L'École militaire de Nakano - Rikugun Nakano gakkō, Yasuzo Masumura (1966)


 Au cours d'un étrange examen oral, un lieutenant comprend qu'il vient d'être intégré à l'école d'espionnage de Nakano. Coupé du monde pendant un an, formé à toutes les disciplines, il va devenir le parfait espion..

En 1962 Yasuzo Musumura signait un de ses meilleurs films avec Black Test Car, récit d'espionnage industriel où l'on observait les machinations machiavéliques entre des corporations dans une pure logique de concurrence capitaliste. Le film participait, avec Géants et jouets (1958) sur un thème voisin, remplacer le patriotisme belliqueux et fanatique d'antan par la fidélité sans failles ni scrupule à l'entreprise qui remplaçait indirectement le Japon en tant que collectif auquel prêter allégeance. L'école militaire de Nakano est en quelque sorte un retour aux origines, quand avant le profit financier, les manipulations, les complots et coups bas servaient le drapeau dans le monde du renseignement. Le scénario s'inspire de réelle école de Nakano qui fut le principal centre de formation du renseignement militaire de l'armée impériale japonaise durant la Seconde Guerre mondiale. Fondée en 1938 et dissoute en 1945, elle forma plus de 2500 agents qui en sortirent rompus à l'art du contre-espionnage, du sabotage, des opérations secrètes ou encore de la guérilla. Le film de Masumura mélange réalité et fiction pour dépeindre les premiers pas et coups d'éclats de l'école en observant la formation de ses élèves fondateurs.

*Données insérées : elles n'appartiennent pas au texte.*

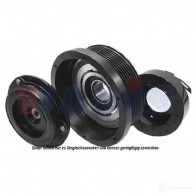 Шкив компрессора кондиционера AKS DASIS 852519n 4044455537076 COHEA N 1423288217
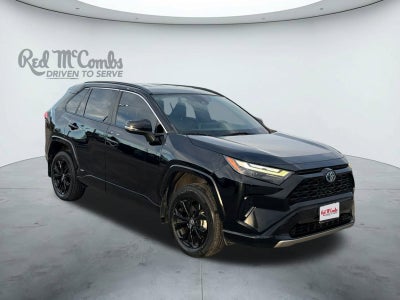 2022 Toyota RAV4 Hybrid SE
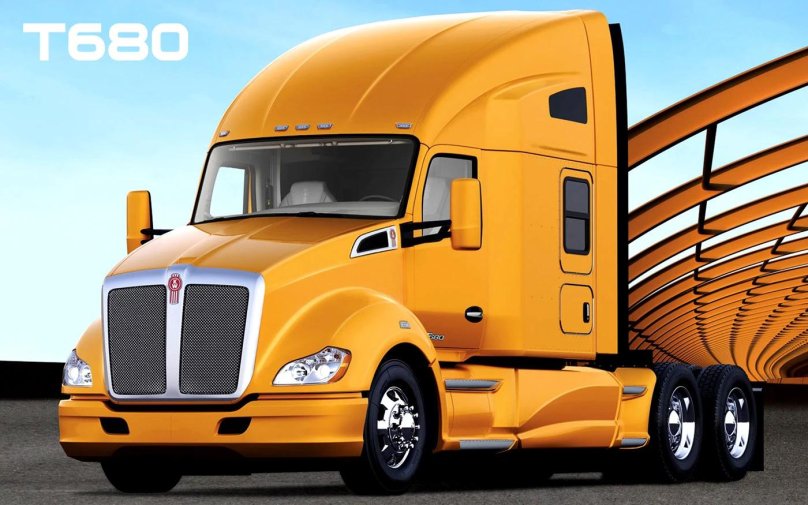Грузовик Кенворт т 680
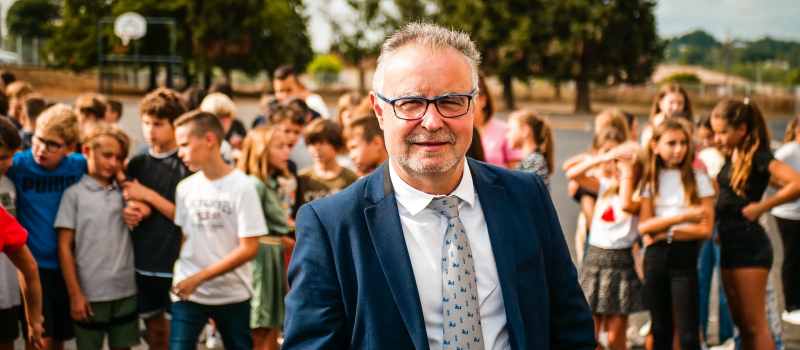​​​​​​​le Département investit pour ses collégiens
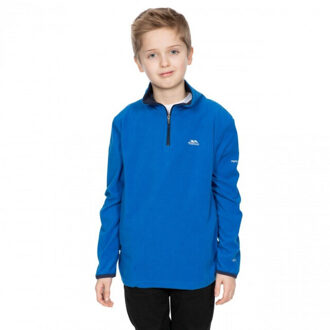 Trespass Jongens etto half zip fleece sweater Blauw - 128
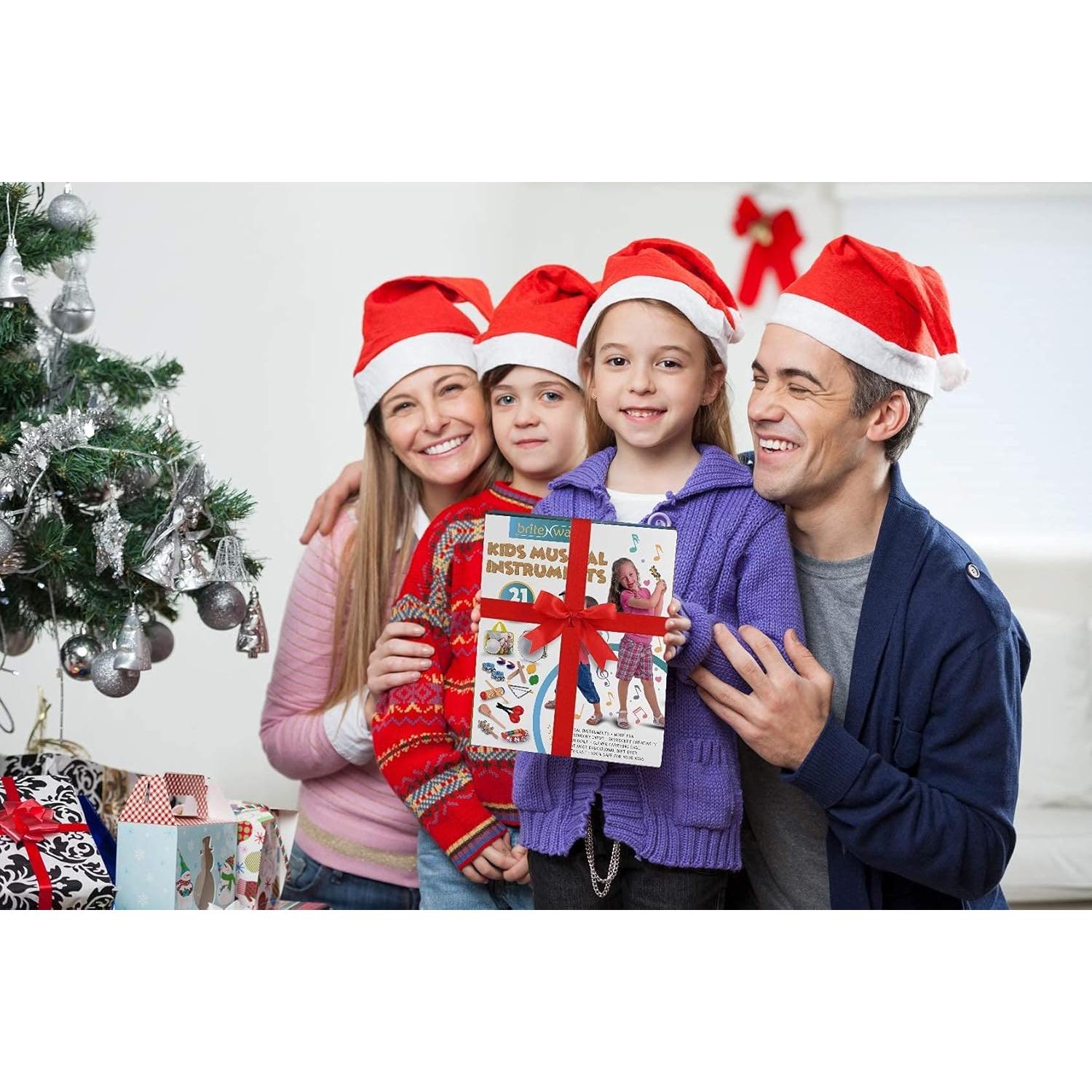 Juego de Percusión Educativa BritenWay - 21 Piezas para Niños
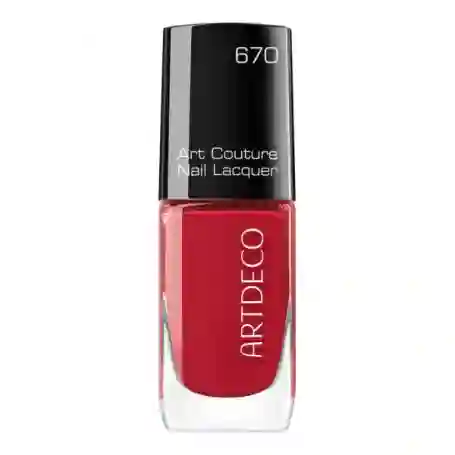 Artdeco art couture nail lacquer 670 lady in red 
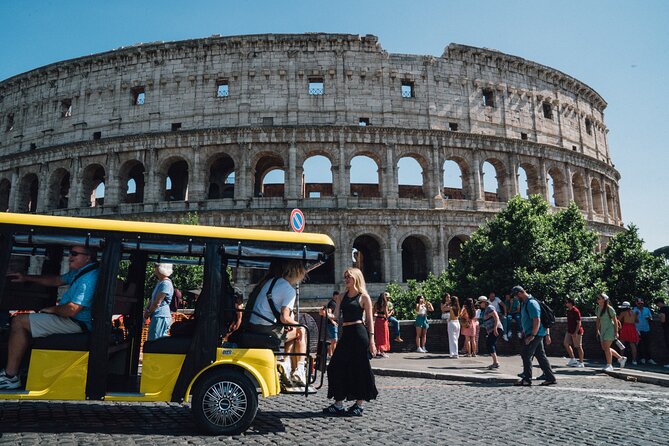 Golf Cart Driving Tour: Rome Express in 1.5 Hrs - Customer Testimonials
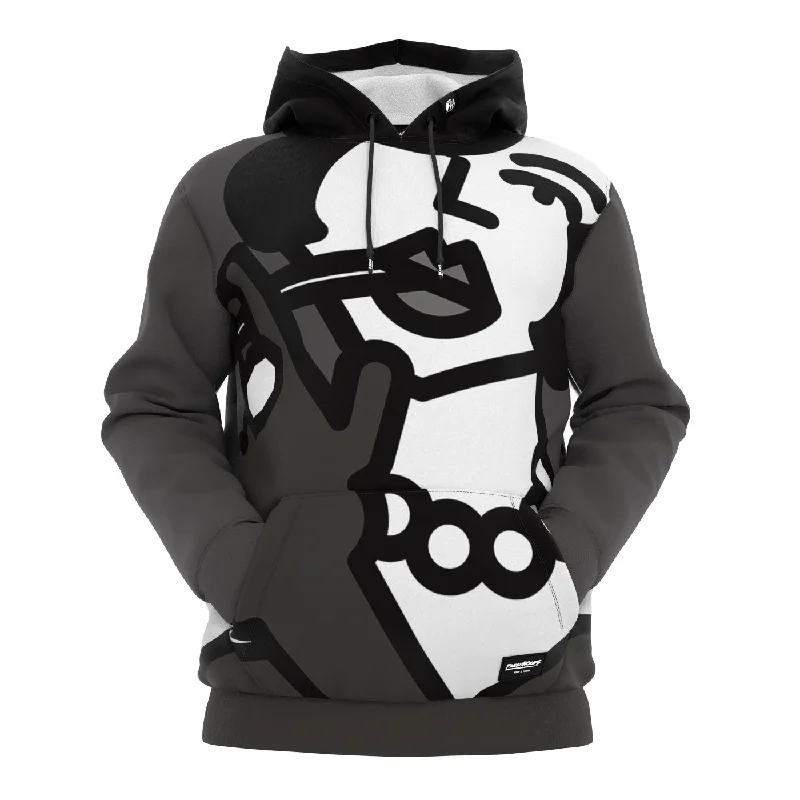 Women's Hooded Sweatshirts with Cozy FabricMadame Chefuma Hoodie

Les pages d'actualités propagandistes ouvrant le récit agitent tous les fronts en cours et à venir pour le Japon, expliquant la nécessité d'une nouvelle réponse à ses menaces. Jiro (Raizô Ichikawa), un jeune officier de réserve va subir un curieux examen qui va l'amener à être sélectionné pour une mission secrète. Il va découvrir qu'il est, avec d'autres jeunes gradés d'élite choisi pour inaugurer une école d'espionnage basée à Nakano. Ils vont durant un an abandonner leur vie et leur identité pour acquérir à travers des disciplines physiques, intellectuelles et psychologique tout le bagage pour devenir de redoutables espions. Masumura alterne moment de vie où le groupe se soude avec la froideur de l'apprentissage où le savoir à maîtriser est aussi divers que l'art de la torture (à infliger ou à subir), l'ouverture de coffre-fort, les langues et la géopolitique. L'école est au départ une expérience dépourvue de moyens, vivant du mécénat militaire et seulement guidant par la fois de son directeur tandis que la conviction des élèves est plus vacillante. Parallèlement, Yukiko (Sachiko Murase), la jeune fiancée de Jiro inquiète de ne pas avoir de nouvelle se lance sans succès à sa recherche et décide d'intégrer le service de décryptage en tant que dactylo. Les deux intrigues vont bien sûr se rejoindre avec des conséquences tragiques.

Comme souvent au Japon et encore plus durant cette ère fasciste, le collectif prime sur l'individu et les élèves réfractaires sont rapidement ostracisé, écrasé psychologiquement (un suicide) voire physiquement (un seppuku contraint et forcé) par la force du groupe au nom de l'avenir de l'école. Le microcosme de l'établissement est une métaphore du Japon dont il s'agit de défendre les intérêts contre l'adversité extérieure. Masumura ne fait cependant pas de ses personnages des fanatiques décérébrés, qui sont conscients que le Japon est en grande partie responsable des menaces qui le guettent à cause de sa politique expansionniste à travers l'Asie. 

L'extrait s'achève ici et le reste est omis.